Poland led a selloff in emerging Europe, with the zloty sliding the most since 2011, as the U.K. vote to quit the European Union threatened to throttle aid to the bloc’s less-affluent eastern member states and curtail trade with Britain.
The zloty, regarded as a proxy for emerging-market risk to the so-called Brexit, slid as much as 3.8 percent against the euro as the victory for the U.K. leave vote pounded stocks in Warsaw, Budapest and Bucharest and sent Polish bond yields soaring the most in three years. The cost to insure Poland’s debt against default rose to the highest since 2012. Central banks from Romania to Hungary moved to calm markets.
A British departure increases the likelihood that emerging EU member states will suffer from scaled back financial support from the EU that they rely on to build roads and other infrastructure. The U.K. made the third-biggest contribution to the bloc’s budget in 2014 and is a major destination of exports from nations to the east, which also receive remittance flows from citizens living in Britain.
“Everyone is in shock,” said Simon Quijano-Evans, the chief emerging-market strategist at Commerzbank AG in London, which downgraded bonds from Poland, Hungary and Croatia in April on Brexit risks. “Central and eastern Europe has by far the most to lose in all this, given they are the clear net beneficiaries of EU membership, while the rest of EM has to start thinking about the secondary effects on global growth.” Quijano-Evans said he’s reassessing his market calls.
The National Bank of Hungary, which is taking part in a meeting with the government and debt agency today to discuss Brexit, has tools “to continuously secure financial stability,” according to Managing Director Daniel Palotai. Romania’s central bank said it was ready to step in to calm market volatility, while its counterpart in Slovenia downplayed the potential fallout for the country.
The zloty trimmed losses to 2 percent against the euro to 4.4572 by 10:01 a.m. in Warsaw, bringing losses this year to 4.3 percent. Poland’s five-year credit-default swaps rose 18 basis points to 101. Hungary’s forint retreated 1.3 percent to 318.30 per euro, while Romania’s currency lost 0.5 percent in a broader selloff that dragged the MSCI Emerging Markets Currency Index down 1.6 percent.

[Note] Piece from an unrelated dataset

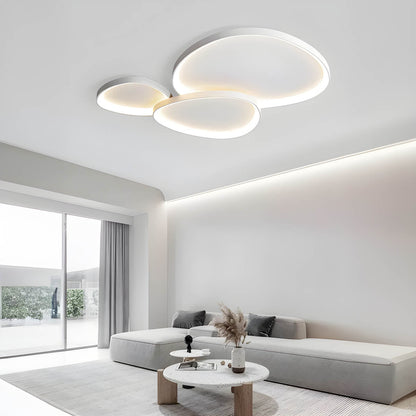 Plafondlamp LED Modern Organisch Design Dimbaar Woonkamer Lamp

“We should expect fairly large intervention, verbal and real, to shore up market confidence,” said John Hardy, the Hellerup, Denmark-based head of foreign-exchange strategy at Saxo Bank A/S.
In the run-up to the referendum, assets in emerging Europe were bolstered by speculation Britons would vote in favor of staying in the bloc they’ve been part of for more than four decades. In the end, the U.K. backed “Leave” by 52 percent to 48 percent.
The U.K. departure marks a further blow to Poland’s status as a haven in emerging markets. Investor sentiment toward the country has soured since a new government elected late last year took steps to undermine the authority of key institutions, prompting Standard & Poor’s to cut Poland’s credit rating in January.
The yield on 10-year Polish debt climbed 25 basis points to 3.26 percent, the most since June 2013. Stocks in Poland and Prague slumped more than 4.7 percent, while shares in Hungary and Romania tumbled 2.7 percent. As its borrowing costs climbed, Poland’s finance ministry announced it was canceling an auction scheduled for next week and may limit bond supply in the near-term.
With its $545 billion economy and 38 million people, Poland is scheduled to receive 114.7 billion euros ($127 billion) of funds between 2014 and 2020, the most of all states in the EU. Poland received about 4 billion euros in remittances annually from compatriots living in other EU countries, mostly in the U.K., according to central bank estimates last year.
While countries like Romania and Bulgaria get smaller allocations from the EU budget, they’re also more exposed than larger countries like Poland since their citizens have lower incomes.